HOW TO COMPLETE THIS TASK |
Without including any pictures, reproduce the full listing exactly.

DATA SHOWN |
* * * * * * * * *

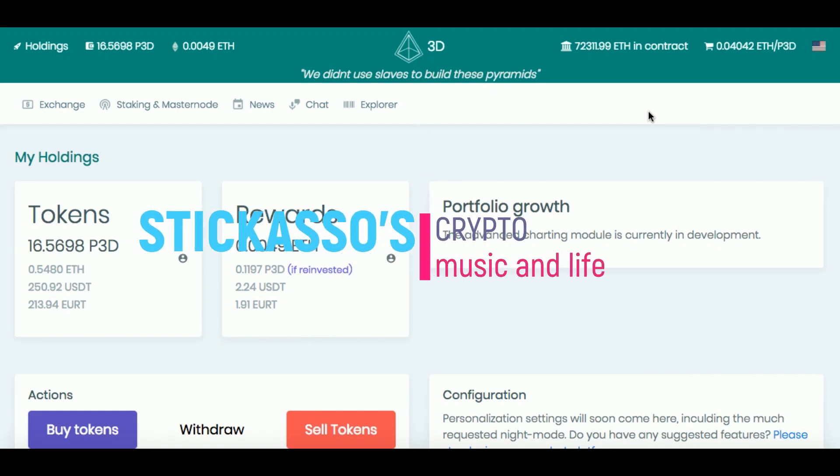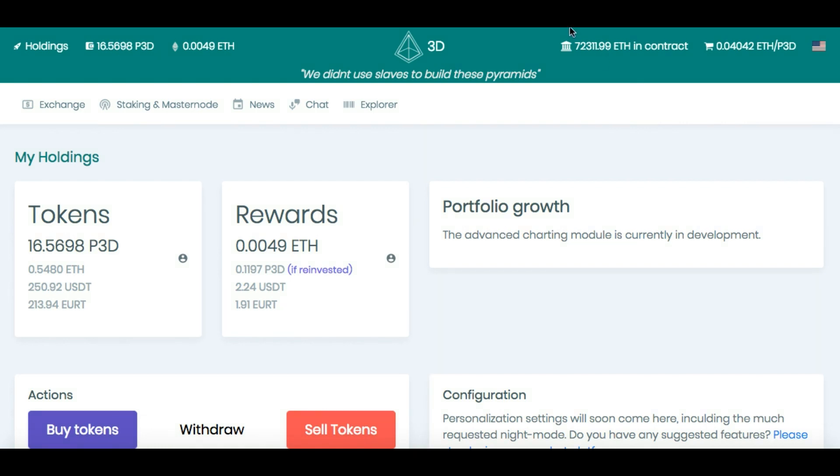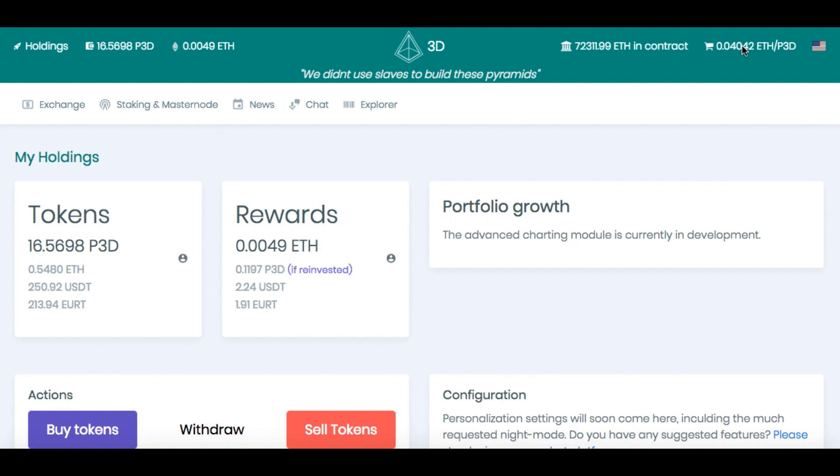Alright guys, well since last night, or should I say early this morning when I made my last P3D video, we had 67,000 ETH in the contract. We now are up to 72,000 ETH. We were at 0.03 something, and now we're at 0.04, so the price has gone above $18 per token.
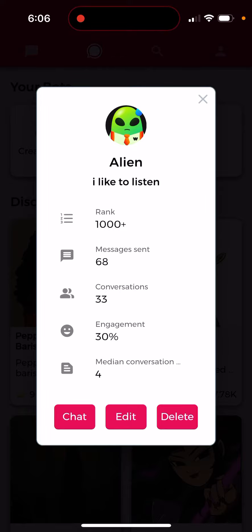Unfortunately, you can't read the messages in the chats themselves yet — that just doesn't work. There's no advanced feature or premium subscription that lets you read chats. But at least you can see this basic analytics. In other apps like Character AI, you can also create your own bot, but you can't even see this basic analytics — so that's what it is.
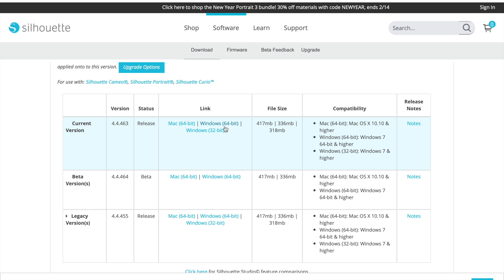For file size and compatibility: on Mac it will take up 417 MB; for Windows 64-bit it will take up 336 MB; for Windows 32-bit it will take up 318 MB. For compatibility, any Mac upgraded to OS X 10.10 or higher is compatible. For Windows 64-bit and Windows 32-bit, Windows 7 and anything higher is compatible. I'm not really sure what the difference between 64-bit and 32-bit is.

* * * * * * * * *

SOLUTION |
Alright guys, well since last night, or should I say early this morning when I made my last P3D video, we had 67,000 ETH in the contract. We now are up to 72,000 ETH. We were at 0.03 something, and now we're at 0.04, so the price has gone above $18 per token.
Unfortunately, you can't read the messages in the chats themselves yet — that just doesn't work. There's no advanced feature or premium subscription that lets you read chats. But at least you can see this basic analytics. In other apps like Character AI, you can also create your own bot, but you can't even see this basic analytics — so that's what it is.
For file size and compatibility: on Mac it will take up 417 MB; for Windows 64-bit it will take up 336 MB; for Windows 32-bit it will take up 318 MB. For compatibility, any Mac upgraded to OS X 10.10 or higher is compatible. For Windows 64-bit and Windows 32-bit, Windows 7 and anything higher is compatible. I'm not really sure what the difference between 64-bit and 32-bit is.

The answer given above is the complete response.